Azure - 2017 Outage - Overheated data center in Northern Europe caused sudden shutdown of machines
This one is dear to my heart because I remember this happening at work.

Due to human error, one of Azure's data centers overheated which caused some servers and storage systems to suddenly shut down.  This caused many dependent resources to fail - virtual machines were shut down to prevent data corruption; HDInsight, Azure Scheduler and Functions, and Azure Stream Analytics dropped jobs; Azure Monitor and Data Factory saw increased errors and latency in their pipelines.

Microsoft pointed out that customers who'd deployed to availability sets wouldn't have been affected by the outage.

AWS - 2012 EBS Outage - Memory leak caused by DNS propagation failures overwhelmed Elastic Block Store (EBS) volumes
Each EBS storage server contacts some data collection servers that report data.  While the data is important, it is not time sensitive, so the system is tolerant of late/missing data.  One of the data collection servers failed and had to be replaced, and as part of replacing it, a DNS record was updated to remove the failed server and add the replacement server.  However, the DNS update didn't successfully propagate to all the internal DNS servers so a fraction of the storage servers didn't get the updated server address and continued to attempt to contact the data collection server that was taken out.  Because the data collection service was tolerant of missing data, this didn't raise any alarms.  However, the inability to contact a data collection server triggered a memory leak on the storage servers, and rather than gracefully deal with the failed connection, the storage servers continued trying to contact the data collection server and slowly consumed memory.  The monitoring system failed to catch this memory leak, and eventually this consumed enough memory on the affected storage servers that they were unable to keep up with requests.

The number of stuck EBS volumes increased quickly.  The system began to failover from unhealthy to healthy servers.  But because many of the servers failed at the same time, the system was unable to find enough healthy servers to failover to, and eventually a large number of volumes in the Availability Zone were stuck.

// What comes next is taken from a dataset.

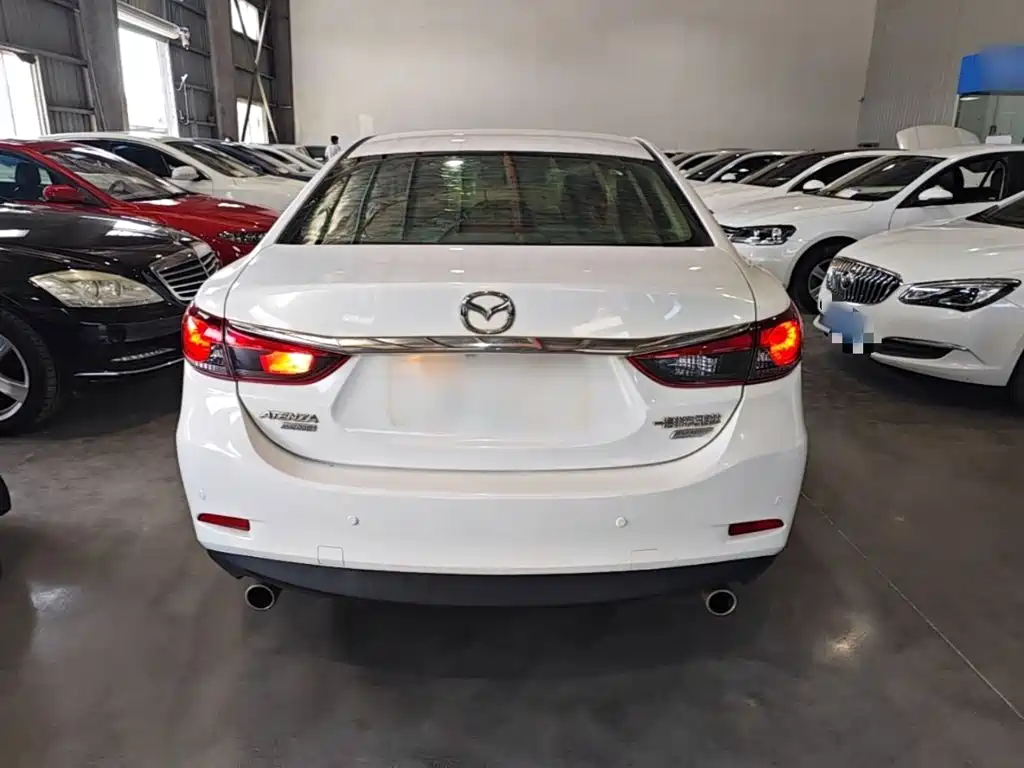 Atenza 2.0 L Blue Sky Luxury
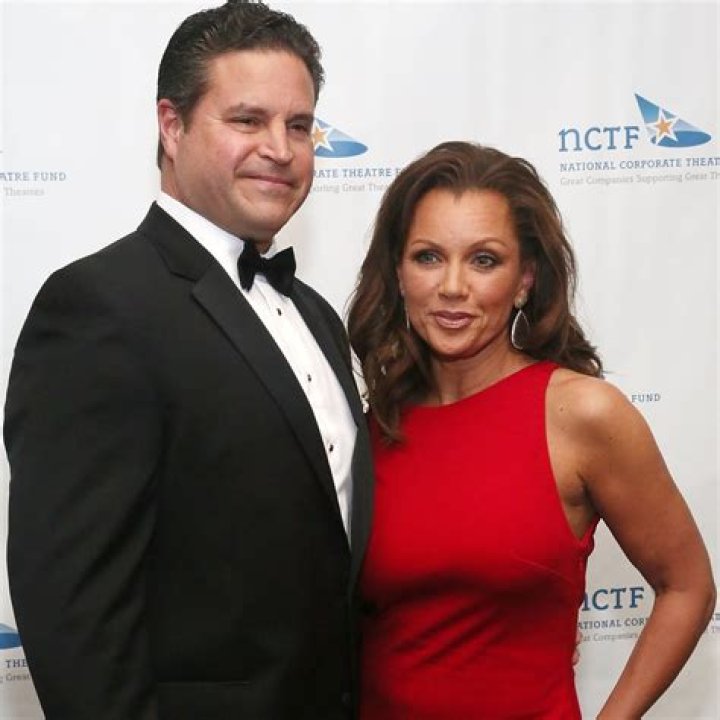 Vanessa Williams Is Engaged to Boyfriend Jim Skrip?Check Out Her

This throttled the EC2 and EBS APIs, affected accessibility in some RDS databases, and hindered some of the Elastic Load Balancers (ELB)'s traffic routing ability.

Amazon made changes to propagate DNS changes more reliably and to monitor/alert more aggressively.  They deployed resource limits to prevent low priority processes from consuming excess resources on EBS storage servers.  They relaxed their throttling policies of the APIs, improved failover logic of the RDS databases (in particular the Multi Availability Zone databases which were designed to handle this), and improved reliability of the load balancers by issuing more IP capacity, reducing the interdependency between EBS and ELB, and improving traffic shifting logic so that traffic is more quickly rerouted away from a degraded Availability Zone.